■ **Work to complete**: Starting with the line that contains "positionierung_fokussierung_orchestrierung_01" and stopping after the line that contains "350-501 Question 136", return each line below exactly as written, with no others.

■ **Task material**:
+---+
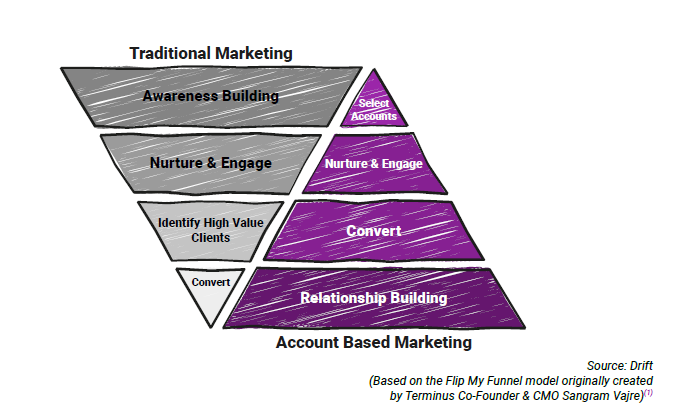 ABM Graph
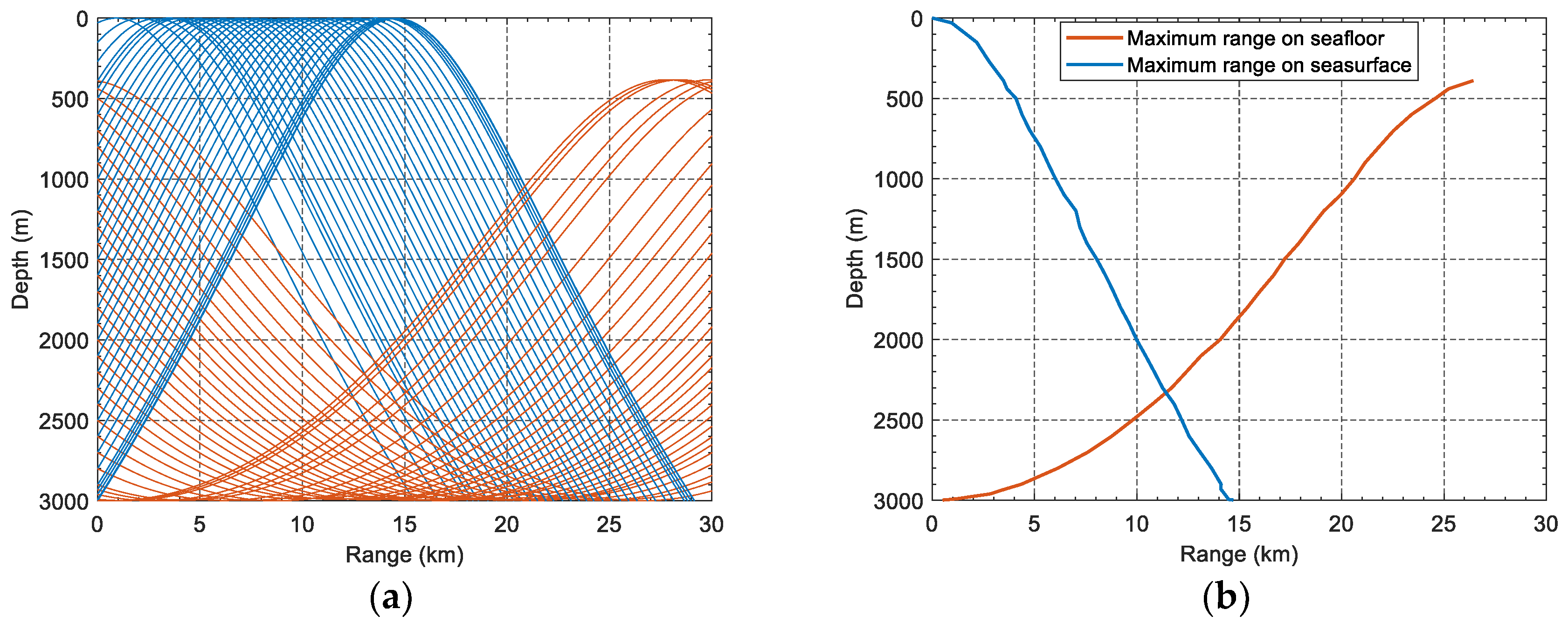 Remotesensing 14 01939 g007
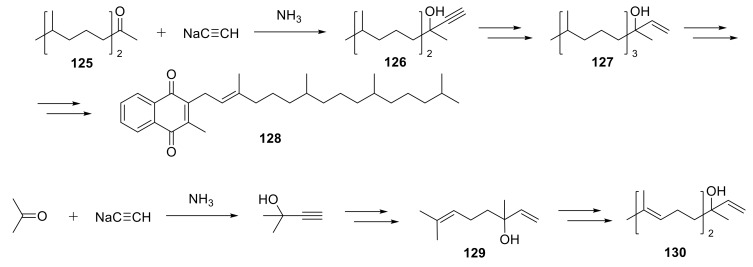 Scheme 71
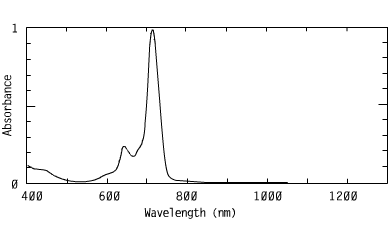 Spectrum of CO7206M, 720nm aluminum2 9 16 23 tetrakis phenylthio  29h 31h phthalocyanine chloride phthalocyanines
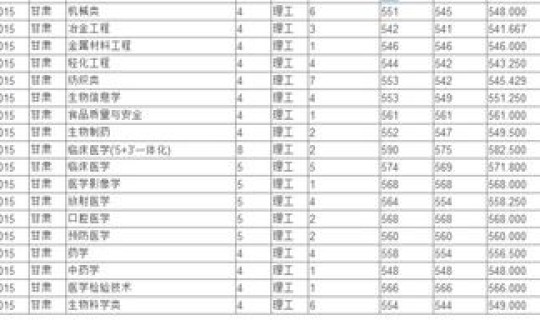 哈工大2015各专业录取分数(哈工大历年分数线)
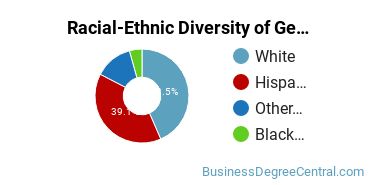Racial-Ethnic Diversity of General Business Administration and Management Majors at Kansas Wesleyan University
+---+
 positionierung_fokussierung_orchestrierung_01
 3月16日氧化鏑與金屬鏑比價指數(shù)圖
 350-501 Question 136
+---+
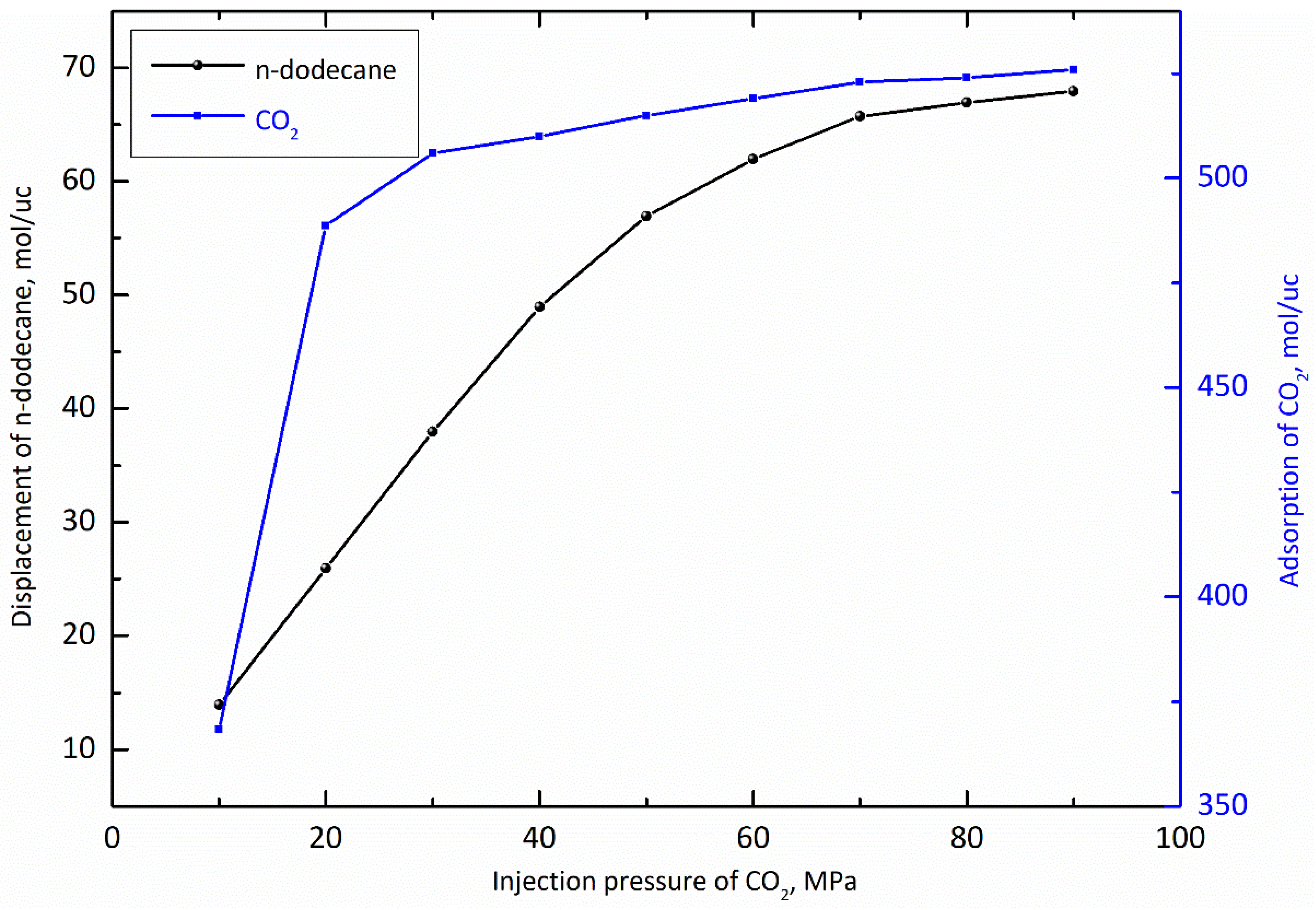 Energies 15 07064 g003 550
+---+
■ **Solution to this task**:
 positionierung_fokussierung_orchestrierung_01
 3月16日氧化鏑與金屬鏑比價指數(shù)圖
 350-501 Question 136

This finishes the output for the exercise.